La bourgeoisie médiatique et le patronat nous font la morale : l’Etat dépense trop pour nous, il va falloir se serrer la ceinture. Où couper ? Les arrêts maladies ? Les malades chroniques ? Le RSA ? L’école ? Tout y passe, mais jamais personne n’évoque le premier poste de dépense de l’Etat, ces 150 milliards dont on ne parle jamais : les aides aux entreprises. De quoi s’agit-il ? A quoi cela sert-il ? Enquête sur l’assistanat le plus coûteux de France.

Sur BFM TV, le PDG de Carrefour, Alexandre Bompard, s’énervait, le mercredi 2 juillet : « Il faut s’attaquer à la dépense publique ». La séquence médiatique actuelle tourne autour de ce slogan : il faudrait réduire les dépenses publiques car il n’y a plus d’argent dans les caisses. Face à cette situation, l’institut patronal IFRAP, présenté par les grands médias comme un “think tank”, propose de supprimer l’allocation de rentrée scolaire, réduire les subventions aux associations, supprimer le pass culture et le pass colo. Bref, couper les vivres aux pauvres. Alexandre Bompard connaît pourtant un endroit où l’argent public coule à flot : auditionné par la commission d’enquête sénatoriale sur les aides aux entreprises, le 31 mars dernier, il a été interrogé sur les 330 millions d’euros d’argent public qu’il touche chaque année.

Au total, entre 2013 et 2018, Carrefour a bénéficié de 744 millions d’euros de CICE et de 1,289 milliard d’euros d’exonérations de cotisations, soit un total de 2,033 milliards d’euros d’aides publiques.

Le capitalisme n’est pas ce qu’on nous raconte. On nous dit que dans notre pays, il y aurait d’un côté les « entrepreneurs » du secteur privé qui ne comptent pas leurs heures pour « créer des richesses » et des emplois, ne devant leurs revenus qu’à la force de leur travail, et de l’autre les fonctionnaires, fardeau budgétaire terrible pour la société, qui ne produisent rien d’autre que du service public déficitaire et peu performant. D’un côté un apport, de l’autre un coût. Or, rien n’est plus faux : désormais, le secteur privé coûte au contribuable bien plus cher que nombre de services publics. Car chaque année, l’Etat dépense 150 milliards d’euros (selon la direction générale des entreprises) en subventions, crédits d’impôts et exonérations de cotisations au profit des entreprises privées de toutes tailles et de tous secteurs. Mais cela profite davantage aux grosses entreprises car une grande partie de ces dispositifs sont calculés sur le nombre d’emploi.

La totalité de ces aides représente deux fois le budget de l’Education nationale et un quart du budget de l’État.
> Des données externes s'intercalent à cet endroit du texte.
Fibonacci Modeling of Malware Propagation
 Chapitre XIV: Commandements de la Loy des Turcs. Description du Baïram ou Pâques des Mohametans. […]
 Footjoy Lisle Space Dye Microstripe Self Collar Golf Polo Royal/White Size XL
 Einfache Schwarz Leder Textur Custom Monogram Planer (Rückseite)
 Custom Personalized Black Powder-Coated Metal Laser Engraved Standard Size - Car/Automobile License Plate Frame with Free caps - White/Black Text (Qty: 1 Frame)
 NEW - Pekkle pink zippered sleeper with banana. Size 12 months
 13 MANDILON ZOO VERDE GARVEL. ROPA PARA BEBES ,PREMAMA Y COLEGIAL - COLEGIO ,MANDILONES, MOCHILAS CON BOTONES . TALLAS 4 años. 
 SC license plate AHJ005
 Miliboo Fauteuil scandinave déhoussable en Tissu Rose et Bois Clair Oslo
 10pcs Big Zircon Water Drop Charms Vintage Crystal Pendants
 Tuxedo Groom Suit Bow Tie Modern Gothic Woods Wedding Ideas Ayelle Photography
150 milliards par an. De quoi parle-t-on au juste ? De dispositifs qui réduisent les cotisations patronales payées par les entreprises, pour commencer. C’est le cas de la réduction Fillon, mise en place sous Nicolas Sarkozy, qui exonère de cotisations patronales les salaires payés entre 1 et 1,6 SMIC. Vient ensuite la baisse pérenne de cotisations sociales, mise en place en 2019 en remplacement du CICE ( CICE, un dispositif mis en place sous Hollande et reconduit sous Macron en 2019 sous la forme d’une exonération de cotisations patronales pour le même montant, 20 milliards par an) qui exonère de cotisations jusqu’à 2,6 SMIC. Or, ces exonérations, qui représentent une perte sèche pour la Sécurité sociale, sont compensées par l’Etat, qui paye à la place des entreprises exonérées. Ensuite, il y a des crédits d’impôts comme le Crédit d’impôt recherche (CIR), mis en place dans les années 1980 puis sans cesse étendu et simplifié, qui donne des crédits d’impôt aux entreprises qui déclarent des dépenses de recherche et développement (quelles qu’elles soient) et le Pacte de Responsabilité, un ensemble de crédit d’impôts voté sous la présidence de François Hollande. Chaque gouvernement, depuis le début des années 2000, a ajouté des dizaines de milliards d’euros transférés des ménages (les contribuables) vers les entreprises.

Tous les ministres de l’Économie répètent la formule magique suivante : en aidant nos entreprises, en subventionnant leurs coûts salariaux, on leur permet de restaurer leur compétitivité et de créer de l’emploi, et c’est ça que l’on veut non ? 

Des milliards pour rien ?

Sauf que ça ne marche pas. Toutes les études, y compris ministérielles, sur les effets de ces 150 à 200 milliards d’euros annuel dépensés pour les entreprises privées, montrent que les effets sont faibles voire inexistants. Le dernier rapport en date, celui de l’Institut de Recherches Economiques et Sociales (IRES), le principal institut de recherche syndicales en France, n’y va pas par quatre chemins : “L’efficacité des allègements du coût du travail se trouve sans doute ailleurs : dans le soutien apporté aux marges des entreprises”, nous dit-il… et ces marges, les entreprises en font bien ce qu’elles veulent. Et ça n’a pas servi à créer de l’emploi, ni à relocaliser notre industrie, mais bien à augmenter les dividendes des actionnaires.

Ces 25% du budget de l’État dépensés chaque année, nous n’en voyons pas la couleur. Ils sont absorbés ailleurs. Et on appelle cela « l’économie de marché », « la loi du marché », « le capitalisme globalisé » ?

La vérité, c’est que nous subventionnions les entreprises privées à hauteur de 10 milliards d’euros par an en 1980, nous renseigne ce même rapport, contre au moins 150 milliards actuellement.

Le fonctionnement de l’économie française serait donc complètement antilibéral ? Il suffit de voir ce que l’État (donc nous, les contribuables) a dépensé pour maintenir les entreprises à flot, sans rien demander en échange, pendant la pandémie de Covid-19. Ce niveau de dépense publique amène de nombreux commentateurs à dire que la France n’est pas un pays libéral, que l’étatisme y est très présent, et que nous aurions donc tort de parler, comme nous le faisons régulièrement dans nos colonnes, de “néolibéralisme” pour qualifier les politiques menées depuis trente ans.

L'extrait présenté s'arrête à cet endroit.